The 26-year-old has had problems staying healthy and has only seen 12 targets go his way, but it's not a line one would have guessed if knowing names on the depth chart such as Cameron Meredith and even Kevin White were lost for the season.
Rather than stretch the field and make a difference, Wheaton has been a non-factor despite the occasional big play for Pittsburgh to start his career.
Like a handful of the free agents signed over the offseason, he could be on his way out of Chicago early.
Stud: Prince Amukamara
In the surprise department, it doesn't get much better than this.
Teams rarely find a quality boundary corner in free agency who isn't a top name. But here are the Bears with Prince Amukamara, a bargain free agent on a prove-it deal who has been a superb fit in the defense.
He's also taking a notable leadership role.
"We've already talked about not quitting," Amukamara said, per Eric Edholm of Pro Football Weekly (via the Northwest Herald). "Coaches are doing it as a good, friendly reminder. This is a time around the league where you start to get teams not giving it their all. I think as professionals we know that we are paid to do a task and paid to do it no matter the circumstances."
Amukamara has likely turned plenty of heads around the NFL, which will make it harder than expected for the Bears to retain him. But they should—this is a premium position some teams never fill this well. Maybe he isn't "lockdown" by definition, but few are.
Dud: Marcus Cooper
How about a surprise in the worst way?
At the time, Marcus Cooper looked like a good signing.
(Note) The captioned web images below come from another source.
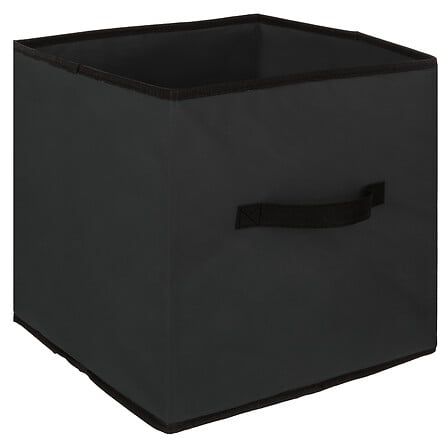 CUBE DE RANGEMENT PLIABLE NOIR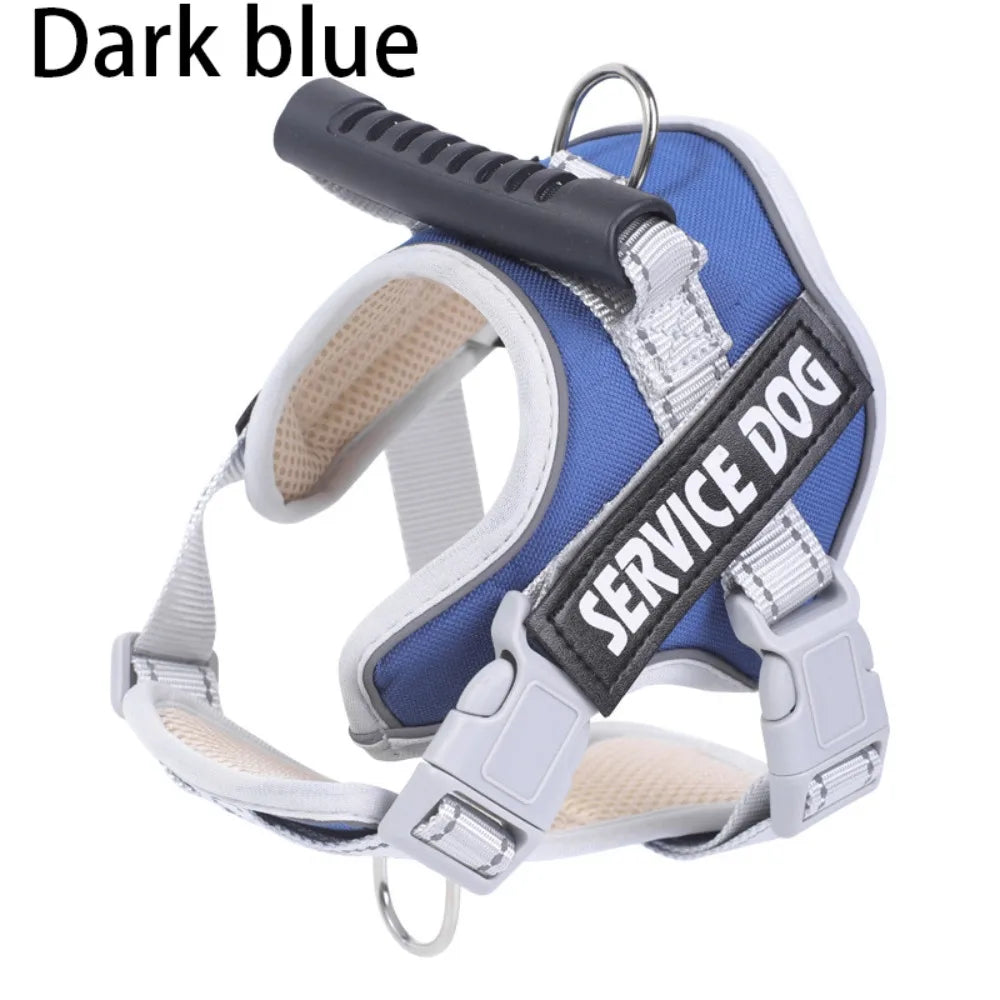 Adjustable Dog Harness & Reflective Leash Se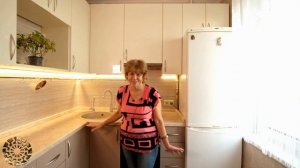 Отзыв о кухне из акрила в 5.4 кв.м.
He had spent 2016 in Arizona and played well despite defenses going at him while avoiding other names such as Patrick Peterson.
After arriving in Chicago, though, Cooper has fallen off the map, except opponents know how to find him when he gets on the field, as JJ Stankevitz of NBC Sports Chicago illustrated recently: "Marcus Cooper comes in and Jimmy Garoppolo immediately targets him, finding Marquise Goodwin for a 10-yard gain on third and 8."
As mentioned, finding quality corners in free agency isn't easy. The 27-year-old looked like one, though, and the idea was to at least get solid play out of him as insurance in case Kyle Fuller again struggled to make an impact.
Funnily enough, Fuller has turned it around and Cooper tanked, which isn't what many would have dared predict before the season.
Stud: Jordan Howard
Jordan Howard is a star: Even that's almost an understatement at this point.
Howard could have been a one-hit wonder and succumbed to the iffy circumstances in Chicago this year. Instead, he has been his usual self while tallying 885 yards and five touchdowns on a 4.2 per-carry average through 12 games.
The numbers pale in comparison to the fact he's propping up a miserable passing offense while dealing with injuries to his line—and who can forget him fighting through a shoulder injury to secure the game-winning touchdown over the Pittsburgh Steelers in Week 3?
Howard isn't just making life easier on a rookie trying to develop at the pro level. He's also giving fans flashes of the future and what more might be possible when the talent level surrounding him continues to improve.